Although there were undeniably maniacal elements in Youzbine’s makeup (but that was all right, because not only was he Russian but he was truly a pianist of Lisztian passion and a composer to rival Rachmaninoff) the acquaintanceship flourished. Youzbine took Arthur under his wing and soon Stefanie saw less of her husband in private than before and far more of his distant profile at high-society functions in vast sitting rooms and chilly salons and Gauloise-redolent nightclubs where Russian exiles and actors and errant artists drank and struck tragicomic poses and pawed one another and her (once exciting Arthur’s ire, to the extent of a well-aimed and accurately-delivered punch in the nose); it was noisy, raucous, depraved and exciting, and it demanded immediate concentration, gliding over life’s depths, it celebrated only the present, the transient, the moment. Stefanie, erstwhile theology student, found herself surrounded by hedonists, many of them young Americans, mostly actors and writers (genuine or self-styled), exiles in France for the drinking and the high life and the low cost of it all. For them the beautiful Austrian woman with the blonde hair and distant gaze was an oracle, an idol, an exotic, a living souvenir of Mayerling, pure Twentieth-Century Fox.
“Did you ever meet Franz Josef, Madame Lebel?” inquired one night, in his cups, one of the Americans, a handsome Hollywoodian.
“Once,” she said. “On the occasion of my uncle’s ennoblement. I curtsied higher than he inclined his head, but not by much. Then he got my name wrong.”

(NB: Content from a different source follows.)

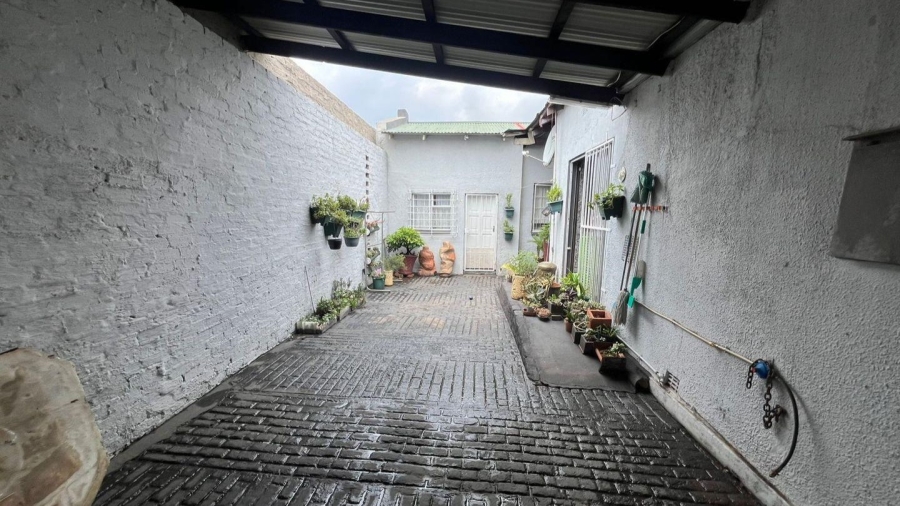 4 Bedroom Property for Sale in Florentia Gauteng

“Oh, that’s quite magical, my dear Madame Lebel,” said the young Hollywoodian, marveling in a desultory way at having met a still-young survivor of another, already near-mythical, era. “Do tell me more about decadent old Vienna. The balls. The affairs.”
“I went to some balls, of course. The Apprentices’, the Butchers’. But I missed the decadence. I was a student. I studied.”
“How serious of you. How middle class.” The young actor nodded abstractedly, but his gaze welled with interest and concern. Stefanie was charmed by his attention and his illustrative mannerisms, very much those of an actor, and truth to tell she might have succumbed had she (innocent that she was!) not noticed his glistening gaze settling with greater interest on an adjacent young man of known proclivities. She felt a slight shock, followed by the slow burn of humiliation and the chimes of celestial irony: Sin, even in thy heart, and see how thou art punished! Stefanie took her desires home to her marriage bed, to which Arthur, whose name was now a byword in the salons, was more or less a stranger; but during one of his rare overnight visits he and Stefanie embraced as man and wife, and nine months later, in the spring of ‘23, Ignace (for Arthur’s long-dead father, né Ignaz) was born, giving greater joy to Stefanie than anything else in her life ever had, with the possible exception of the apparition of the Holy Mother, her own mother, and Arthur himself.